- [Exercise]:
When you copy the entries, keep every word exactly as it stands.

Recorded data START

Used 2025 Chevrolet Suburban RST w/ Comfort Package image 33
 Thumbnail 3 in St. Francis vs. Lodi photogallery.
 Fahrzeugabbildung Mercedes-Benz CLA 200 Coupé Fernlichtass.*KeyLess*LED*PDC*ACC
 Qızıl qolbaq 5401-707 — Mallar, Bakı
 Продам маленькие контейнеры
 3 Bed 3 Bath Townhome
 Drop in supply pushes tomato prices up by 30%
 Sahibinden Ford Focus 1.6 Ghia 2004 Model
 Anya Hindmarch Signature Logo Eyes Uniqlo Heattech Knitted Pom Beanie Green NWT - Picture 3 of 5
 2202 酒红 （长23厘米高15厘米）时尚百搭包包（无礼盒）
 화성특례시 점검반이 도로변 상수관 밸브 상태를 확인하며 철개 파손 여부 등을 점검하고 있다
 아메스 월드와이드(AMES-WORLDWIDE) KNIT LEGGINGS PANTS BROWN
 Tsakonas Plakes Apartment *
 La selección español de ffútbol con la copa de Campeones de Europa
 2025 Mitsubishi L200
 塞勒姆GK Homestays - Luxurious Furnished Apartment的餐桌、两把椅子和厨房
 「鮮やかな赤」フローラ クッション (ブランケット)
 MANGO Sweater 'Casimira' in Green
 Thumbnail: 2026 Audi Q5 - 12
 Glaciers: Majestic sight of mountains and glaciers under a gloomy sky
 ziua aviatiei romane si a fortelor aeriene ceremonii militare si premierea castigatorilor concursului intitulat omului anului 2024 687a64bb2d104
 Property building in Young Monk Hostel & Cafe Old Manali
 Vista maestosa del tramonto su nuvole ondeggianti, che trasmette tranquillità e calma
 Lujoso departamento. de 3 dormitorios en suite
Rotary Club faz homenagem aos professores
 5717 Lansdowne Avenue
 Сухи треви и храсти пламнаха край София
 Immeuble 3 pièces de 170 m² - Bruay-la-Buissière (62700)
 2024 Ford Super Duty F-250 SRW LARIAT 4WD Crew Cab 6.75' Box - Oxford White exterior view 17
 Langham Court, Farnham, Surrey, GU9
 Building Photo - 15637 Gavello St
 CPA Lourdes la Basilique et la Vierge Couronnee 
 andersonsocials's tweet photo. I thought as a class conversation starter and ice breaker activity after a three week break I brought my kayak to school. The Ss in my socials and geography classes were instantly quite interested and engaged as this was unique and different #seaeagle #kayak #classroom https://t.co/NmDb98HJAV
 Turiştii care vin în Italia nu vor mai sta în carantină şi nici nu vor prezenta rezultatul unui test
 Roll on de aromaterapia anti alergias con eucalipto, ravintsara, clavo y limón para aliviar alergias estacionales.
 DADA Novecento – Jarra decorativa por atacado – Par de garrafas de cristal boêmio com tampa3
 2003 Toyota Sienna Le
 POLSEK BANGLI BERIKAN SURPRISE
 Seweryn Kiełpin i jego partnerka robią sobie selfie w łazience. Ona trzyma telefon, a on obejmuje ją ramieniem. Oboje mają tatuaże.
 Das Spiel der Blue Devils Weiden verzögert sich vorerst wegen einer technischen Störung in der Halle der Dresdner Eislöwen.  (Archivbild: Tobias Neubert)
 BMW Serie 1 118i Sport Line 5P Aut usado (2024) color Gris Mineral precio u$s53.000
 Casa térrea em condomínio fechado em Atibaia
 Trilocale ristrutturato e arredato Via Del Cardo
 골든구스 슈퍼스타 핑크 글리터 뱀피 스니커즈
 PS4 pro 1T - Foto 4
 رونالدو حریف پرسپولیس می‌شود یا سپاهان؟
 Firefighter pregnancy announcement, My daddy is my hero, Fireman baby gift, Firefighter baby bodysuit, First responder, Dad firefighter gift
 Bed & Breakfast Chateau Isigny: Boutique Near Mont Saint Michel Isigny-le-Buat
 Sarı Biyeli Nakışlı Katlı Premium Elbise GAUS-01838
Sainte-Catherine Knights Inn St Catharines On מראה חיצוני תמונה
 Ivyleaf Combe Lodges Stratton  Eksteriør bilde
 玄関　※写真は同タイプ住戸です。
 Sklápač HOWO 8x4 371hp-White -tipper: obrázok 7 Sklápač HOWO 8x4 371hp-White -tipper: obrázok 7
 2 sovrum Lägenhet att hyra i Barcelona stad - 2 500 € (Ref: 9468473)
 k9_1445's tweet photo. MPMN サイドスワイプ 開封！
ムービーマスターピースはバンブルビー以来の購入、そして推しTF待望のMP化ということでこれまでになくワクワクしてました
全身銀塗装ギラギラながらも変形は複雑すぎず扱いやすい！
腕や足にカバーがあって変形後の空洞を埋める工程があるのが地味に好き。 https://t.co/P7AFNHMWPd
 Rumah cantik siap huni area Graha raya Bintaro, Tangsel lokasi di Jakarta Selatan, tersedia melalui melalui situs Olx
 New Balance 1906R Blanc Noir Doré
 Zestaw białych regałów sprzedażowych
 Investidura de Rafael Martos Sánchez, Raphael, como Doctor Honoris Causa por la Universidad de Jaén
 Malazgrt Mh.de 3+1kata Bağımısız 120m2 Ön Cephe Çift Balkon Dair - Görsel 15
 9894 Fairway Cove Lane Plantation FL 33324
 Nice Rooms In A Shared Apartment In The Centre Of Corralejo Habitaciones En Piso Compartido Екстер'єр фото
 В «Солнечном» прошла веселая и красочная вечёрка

Recorded data END

- [Response to this task]:
Used 2025 Chevrolet Suburban RST w/ Comfort Package image 33
 Thumbnail 3 in St. Francis vs. Lodi photogallery.
 Fahrzeugabbildung Mercedes-Benz CLA 200 Coupé Fernlichtass.*KeyLess*LED*PDC*ACC
 Qızıl qolbaq 5401-707 — Mallar, Bakı
 Продам маленькие контейнеры
 3 Bed 3 Bath Townhome
 Drop in supply pushes tomato prices up by 30%
 Sahibinden Ford Focus 1.6 Ghia 2004 Model
 Anya Hindmarch Signature Logo Eyes Uniqlo Heattech Knitted Pom Beanie Green NWT - Picture 3 of 5
 2202 酒红 （长23厘米高15厘米）时尚百搭包包（无礼盒）
 화성특례시 점검반이 도로변 상수관 밸브 상태를 확인하며 철개 파손 여부 등을 점검하고 있다
 아메스 월드와이드(AMES-WORLDWIDE) KNIT LEGGINGS PANTS BROWN
 Tsakonas Plakes Apartment *
 La selección español de ffútbol con la copa de Campeones de Europa
 2025 Mitsubishi L200
 塞勒姆GK Homestays - Luxurious Furnished Apartment的餐桌、两把椅子和厨房
 「鮮やかな赤」フローラ クッション (ブランケット)
 MANGO Sweater 'Casimira' in Green
 Thumbnail: 2026 Audi Q5 - 12
 Glaciers: Majestic sight of mountains and glaciers under a gloomy sky
 ziua aviatiei romane si a fortelor aeriene ceremonii militare si premierea castigatorilor concursului intitulat omului anului 2024 687a64bb2d104
 Property building in Young Monk Hostel & Cafe Old Manali
 Vista maestosa del tramonto su nuvole ondeggianti, che trasmette tranquillità e calma
 Lujoso departamento. de 3 dormitorios en suite
Rotary Club faz homenagem aos professores
 5717 Lansdowne Avenue
 Сухи треви и храсти пламнаха край София
 Immeuble 3 pièces de 170 m² - Bruay-la-Buissière (62700)
 2024 Ford Super Duty F-250 SRW LARIAT 4WD Crew Cab 6.75' Box - Oxford White exterior view 17
 Langham Court, Farnham, Surrey, GU9
 Building Photo - 15637 Gavello St
 CPA Lourdes la Basilique et la Vierge Couronnee 
 andersonsocials's tweet photo. I thought as a class conversation starter and ice breaker activity after a three week break I brought my kayak to school. The Ss in my socials and geography classes were instantly quite interested and engaged as this was unique and different #seaeagle #kayak #classroom https://t.co/NmDb98HJAV
 Turiştii care vin în Italia nu vor mai sta în carantină şi nici nu vor prezenta rezultatul unui test
 Roll on de aromaterapia anti alergias con eucalipto, ravintsara, clavo y limón para aliviar alergias estacionales.
 DADA Novecento – Jarra decorativa por atacado – Par de garrafas de cristal boêmio com tampa3
 2003 Toyota Sienna Le
 POLSEK BANGLI BERIKAN SURPRISE
 Seweryn Kiełpin i jego partnerka robią sobie selfie w łazience. Ona trzyma telefon, a on obejmuje ją ramieniem. Oboje mają tatuaże.
 Das Spiel der Blue Devils Weiden verzögert sich vorerst wegen einer technischen Störung in der Halle der Dresdner Eislöwen.  (Archivbild: Tobias Neubert)
 BMW Serie 1 118i Sport Line 5P Aut usado (2024) color Gris Mineral precio u$s53.000
 Casa térrea em condomínio fechado em Atibaia
 Trilocale ristrutturato e arredato Via Del Cardo
 골든구스 슈퍼스타 핑크 글리터 뱀피 스니커즈
 PS4 pro 1T - Foto 4
 رونالدو حریف پرسپولیس می‌شود یا سپاهان؟
 Firefighter pregnancy announcement, My daddy is my hero, Fireman baby gift, Firefighter baby bodysuit, First responder, Dad firefighter gift
 Bed & Breakfast Chateau Isigny: Boutique Near Mont Saint Michel Isigny-le-Buat
 Sarı Biyeli Nakışlı Katlı Premium Elbise GAUS-01838
Sainte-Catherine Knights Inn St Catharines On מראה חיצוני תמונה
 Ivyleaf Combe Lodges Stratton  Eksteriør bilde
 玄関　※写真は同タイプ住戸です。
 Sklápač HOWO 8x4 371hp-White -tipper: obrázok 7 Sklápač HOWO 8x4 371hp-White -tipper: obrázok 7
 2 sovrum Lägenhet att hyra i Barcelona stad - 2 500 € (Ref: 9468473)
 k9_1445's tweet photo. MPMN サイドスワイプ 開封！
ムービーマスターピースはバンブルビー以来の購入、そして推しTF待望のMP化ということでこれまでになくワクワクしてました
全身銀塗装ギラギラながらも変形は複雑すぎず扱いやすい！
腕や足にカバーがあって変形後の空洞を埋める工程があるのが地味に好き。 https://t.co/P7AFNHMWPd
 Rumah cantik siap huni area Graha raya Bintaro, Tangsel lokasi di Jakarta Selatan, tersedia melalui melalui situs Olx
 New Balance 1906R Blanc Noir Doré
 Zestaw białych regałów sprzedażowych
 Investidura de Rafael Martos Sánchez, Raphael, como Doctor Honoris Causa por la Universidad de Jaén
 Malazgrt Mh.de 3+1kata Bağımısız 120m2 Ön Cephe Çift Balkon Dair - Görsel 15
 9894 Fairway Cove Lane Plantation FL 33324
 Nice Rooms In A Shared Apartment In The Centre Of Corralejo Habitaciones En Piso Compartido Екстер'єр фото
 В «Солнечном» прошла веселая и красочная вечёрка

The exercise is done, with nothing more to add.